> _WHAT YOU NEED TO DO_
Give back every line of the material below exactly, but no images.

> _EXERCISE DATA_
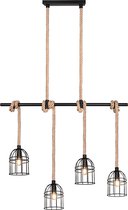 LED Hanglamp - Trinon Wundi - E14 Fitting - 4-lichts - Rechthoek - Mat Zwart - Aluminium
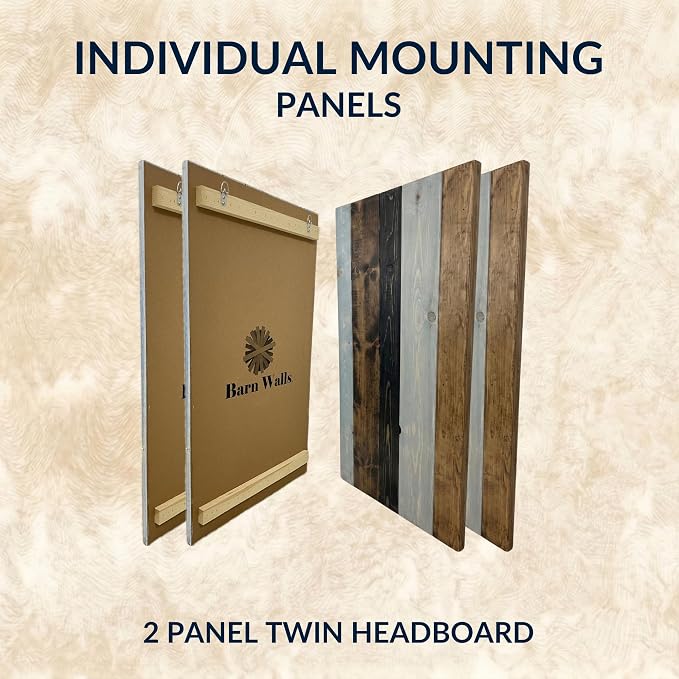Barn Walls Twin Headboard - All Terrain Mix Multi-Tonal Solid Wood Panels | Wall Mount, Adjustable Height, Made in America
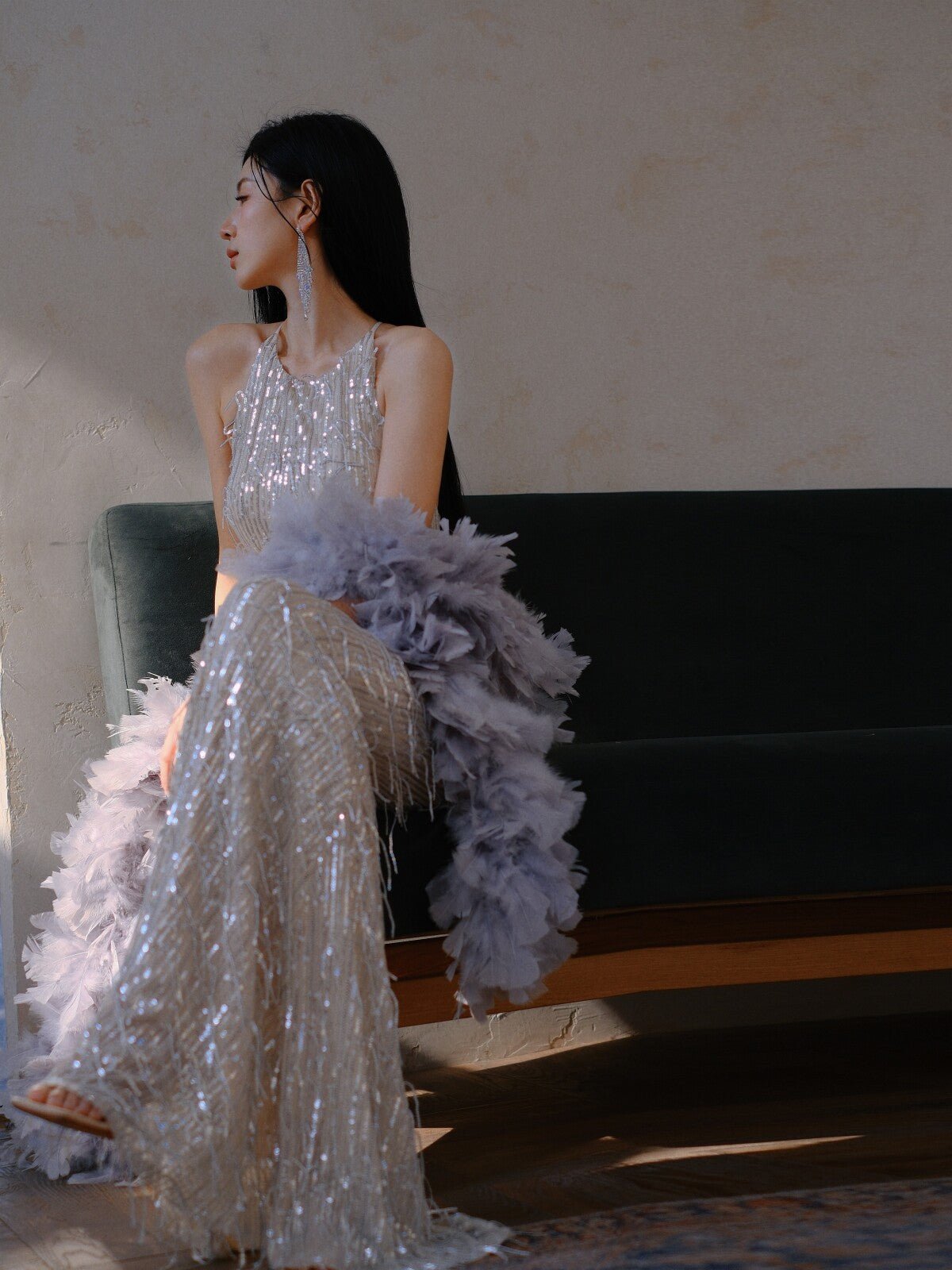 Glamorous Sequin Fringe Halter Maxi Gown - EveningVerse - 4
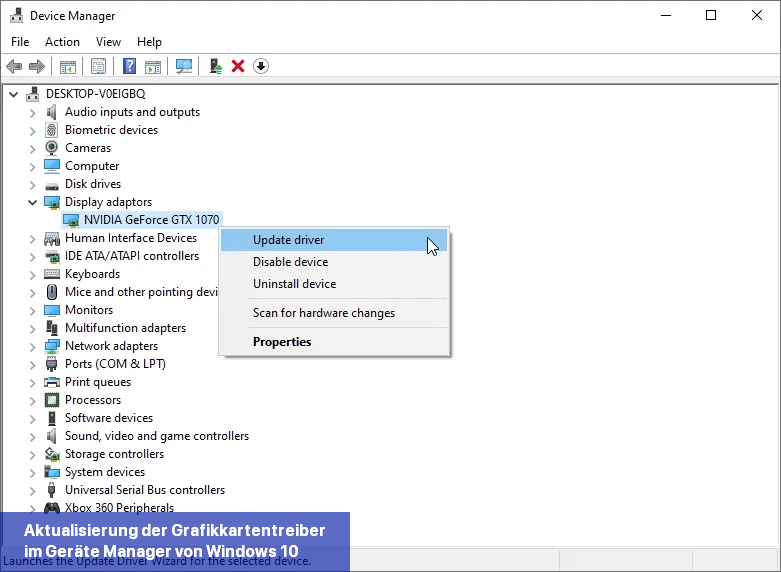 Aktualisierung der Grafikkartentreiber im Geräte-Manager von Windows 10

> _RESPONSE TO THIS EXERCISE_
 LED Hanglamp - Trinon Wundi - E14 Fitting - 4-lichts - Rechthoek - Mat Zwart - Aluminium
Barn Walls Twin Headboard - All Terrain Mix Multi-Tonal Solid Wood Panels | Wall Mount, Adjustable Height, Made in America
 Glamorous Sequin Fringe Halter Maxi Gown - EveningVerse - 4
 Aktualisierung der Grafikkartentreiber im Geräte-Manager von Windows 10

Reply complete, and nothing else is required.